Abby shook her head. The clear implication was that if she was causing trouble now, it was all Marsh’s fault.

“I think she moved here with the idea of being her own woman, didn’t she?” Marsh asked politely. “Doing spontaneous things might well be part of her new game plan, sort of like Celia Fiennes.”

Abby blinked. He was dropping names now too? And Celia, no less. Abby had always liked her, though even thinking about her thirteen thousand miles on horseback, rating travel opportunities in Renaissance England, tended to make her bottom sore.

“Who?” Mom asked as she walked farther onto the porch. Abby’s heart tripped, and she tried to squeeze closer to the wall.

Marsh took a step forward, his right foot kicking out as he moved, sending Abby’s gauze skirt flying into her face even as his bare foot connected with her shin. Abby grabbed the skirt, realizing with horror that it had draped itself out onto the floor when she hid. What a nit she was! Had Mom seen the material puddled there?

In her distress she lost part of the conversation. When she picked up the thread again, she realized Marsh was defending her.

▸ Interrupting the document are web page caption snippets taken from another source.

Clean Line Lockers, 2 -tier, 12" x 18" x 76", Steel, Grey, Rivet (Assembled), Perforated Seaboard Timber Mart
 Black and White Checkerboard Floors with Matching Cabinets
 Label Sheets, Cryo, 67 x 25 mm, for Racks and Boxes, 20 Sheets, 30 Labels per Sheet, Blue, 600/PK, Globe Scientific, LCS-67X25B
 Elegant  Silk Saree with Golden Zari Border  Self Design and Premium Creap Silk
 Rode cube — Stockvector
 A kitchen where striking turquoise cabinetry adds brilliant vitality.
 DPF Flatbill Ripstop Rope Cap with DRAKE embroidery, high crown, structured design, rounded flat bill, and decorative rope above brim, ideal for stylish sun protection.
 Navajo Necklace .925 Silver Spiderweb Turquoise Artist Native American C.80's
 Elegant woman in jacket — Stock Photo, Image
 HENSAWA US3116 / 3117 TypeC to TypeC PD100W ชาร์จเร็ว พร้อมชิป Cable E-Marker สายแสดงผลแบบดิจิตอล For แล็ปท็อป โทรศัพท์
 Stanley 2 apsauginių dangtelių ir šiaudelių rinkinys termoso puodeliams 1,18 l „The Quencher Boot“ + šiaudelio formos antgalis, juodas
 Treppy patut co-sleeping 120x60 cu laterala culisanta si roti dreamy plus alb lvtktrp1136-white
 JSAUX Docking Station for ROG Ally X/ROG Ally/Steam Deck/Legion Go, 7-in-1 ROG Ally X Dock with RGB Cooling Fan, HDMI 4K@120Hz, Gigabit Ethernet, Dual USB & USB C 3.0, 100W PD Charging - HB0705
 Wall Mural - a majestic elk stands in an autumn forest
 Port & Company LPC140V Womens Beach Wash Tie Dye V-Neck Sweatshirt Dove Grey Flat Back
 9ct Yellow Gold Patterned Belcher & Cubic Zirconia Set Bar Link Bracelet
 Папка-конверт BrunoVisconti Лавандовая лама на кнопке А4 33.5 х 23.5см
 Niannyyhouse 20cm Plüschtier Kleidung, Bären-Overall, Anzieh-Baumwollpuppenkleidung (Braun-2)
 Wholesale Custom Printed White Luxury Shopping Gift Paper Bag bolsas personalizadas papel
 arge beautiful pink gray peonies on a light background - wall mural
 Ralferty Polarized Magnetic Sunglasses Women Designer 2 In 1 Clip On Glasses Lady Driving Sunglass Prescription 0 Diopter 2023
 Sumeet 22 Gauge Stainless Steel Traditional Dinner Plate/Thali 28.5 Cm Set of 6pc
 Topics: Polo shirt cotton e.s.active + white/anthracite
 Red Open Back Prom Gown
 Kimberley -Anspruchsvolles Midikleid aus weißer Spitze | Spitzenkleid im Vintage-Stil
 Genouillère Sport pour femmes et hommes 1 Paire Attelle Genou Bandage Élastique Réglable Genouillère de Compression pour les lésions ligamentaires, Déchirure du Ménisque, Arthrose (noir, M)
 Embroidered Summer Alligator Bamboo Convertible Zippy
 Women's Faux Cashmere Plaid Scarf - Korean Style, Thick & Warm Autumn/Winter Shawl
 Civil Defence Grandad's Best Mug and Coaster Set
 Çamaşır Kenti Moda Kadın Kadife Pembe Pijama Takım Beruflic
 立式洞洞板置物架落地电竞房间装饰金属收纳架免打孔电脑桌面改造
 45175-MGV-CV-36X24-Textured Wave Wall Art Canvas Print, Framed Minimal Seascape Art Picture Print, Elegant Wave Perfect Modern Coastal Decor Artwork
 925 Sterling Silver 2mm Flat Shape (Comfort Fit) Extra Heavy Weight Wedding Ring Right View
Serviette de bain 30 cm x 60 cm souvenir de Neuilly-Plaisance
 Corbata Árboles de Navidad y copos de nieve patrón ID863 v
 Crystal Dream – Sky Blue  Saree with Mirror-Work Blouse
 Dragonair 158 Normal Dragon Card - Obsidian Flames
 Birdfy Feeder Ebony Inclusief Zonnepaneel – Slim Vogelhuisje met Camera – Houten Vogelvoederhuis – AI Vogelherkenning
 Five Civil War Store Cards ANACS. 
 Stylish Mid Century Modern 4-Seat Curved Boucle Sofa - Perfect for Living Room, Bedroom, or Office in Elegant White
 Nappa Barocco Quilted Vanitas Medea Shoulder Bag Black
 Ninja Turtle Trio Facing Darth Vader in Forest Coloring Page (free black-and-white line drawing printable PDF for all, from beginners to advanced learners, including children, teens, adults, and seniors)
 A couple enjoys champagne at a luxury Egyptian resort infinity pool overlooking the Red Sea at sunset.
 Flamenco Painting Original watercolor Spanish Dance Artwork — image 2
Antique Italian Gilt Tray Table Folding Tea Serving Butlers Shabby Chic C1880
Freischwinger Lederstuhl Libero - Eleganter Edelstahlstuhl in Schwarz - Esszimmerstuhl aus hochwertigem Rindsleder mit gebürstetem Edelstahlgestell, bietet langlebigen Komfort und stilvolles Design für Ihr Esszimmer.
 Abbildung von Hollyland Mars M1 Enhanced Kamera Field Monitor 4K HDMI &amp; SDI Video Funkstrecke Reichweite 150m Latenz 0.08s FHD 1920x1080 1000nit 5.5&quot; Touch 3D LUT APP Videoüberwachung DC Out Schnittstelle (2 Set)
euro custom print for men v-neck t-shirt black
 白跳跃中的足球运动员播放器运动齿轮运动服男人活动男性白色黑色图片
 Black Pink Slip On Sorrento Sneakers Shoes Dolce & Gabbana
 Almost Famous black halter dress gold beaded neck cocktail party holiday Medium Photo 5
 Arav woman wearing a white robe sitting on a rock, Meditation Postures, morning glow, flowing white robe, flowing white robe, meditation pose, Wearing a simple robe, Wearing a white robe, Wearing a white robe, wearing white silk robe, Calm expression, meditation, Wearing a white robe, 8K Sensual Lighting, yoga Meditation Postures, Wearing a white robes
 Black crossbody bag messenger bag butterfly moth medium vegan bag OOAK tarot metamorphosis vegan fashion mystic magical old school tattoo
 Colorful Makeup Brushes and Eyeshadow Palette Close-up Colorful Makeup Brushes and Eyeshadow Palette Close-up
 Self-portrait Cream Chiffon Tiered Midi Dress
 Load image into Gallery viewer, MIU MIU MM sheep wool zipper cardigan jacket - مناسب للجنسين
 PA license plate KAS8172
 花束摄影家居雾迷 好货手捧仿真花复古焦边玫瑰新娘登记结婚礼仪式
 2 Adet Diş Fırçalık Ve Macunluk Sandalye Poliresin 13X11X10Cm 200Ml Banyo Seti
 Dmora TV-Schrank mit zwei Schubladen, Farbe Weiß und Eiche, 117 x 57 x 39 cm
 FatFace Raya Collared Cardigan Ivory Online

“Celia began her travels in Olde England as a lark. She was spontaneous, like Abby longs to be. Don’t you worry about her, Mrs. MacDonald. She’ll show when she’s ready. In the meantime, I suggest you eat now rather than wait. It’d serve her right if she missed your wonderful cooking while it’s fresh.”

“You don’t understand.” Mom’s voice was strained. “I worry about her.”

“Why? She’s an adult.”

Mom sniffed, unhappy with Marsh’s challenge. “You don’t understand what it’s like to be a mother and see your only child almost die.”

“True enough,” Marsh agreed. “But that was three years ago. She’s fine now.”

“It’s like yesterday,” Mom said. “And she’s not fine.”

Abby sighed. That was the trouble. Mom did think it was yesterday, and she did still see her as unwell.

“Um,” Marsh said. “I hope you don’t mind too much, but I must disagree with you. I think she’s quite well. In fact, I think she’s very strong, stronger than many.”

Abby’s heart warmed. To have someone believe in her as she was, especially with her cowering here like a quivering rabbit hiding from a marauding fox, was so wonderful!

Mom didn’t quite harrumph, but she came close. Abby didn’t move as she listened to the tap-tap-tap of Mom’s steps as she stalked away. She must have been miffed because she stomped up the steps in what was for her a fit of temper. Abby followed her footsteps overhead and heard the swish of the sliding door opening and closing. Then silence from above.

Silence on this porch too.

Abby sighed, then sighed again. Her mother was upset, and Marsh must think she was an idiot, all scrunched up behind the bin, even if he did stand up for her so eloquently.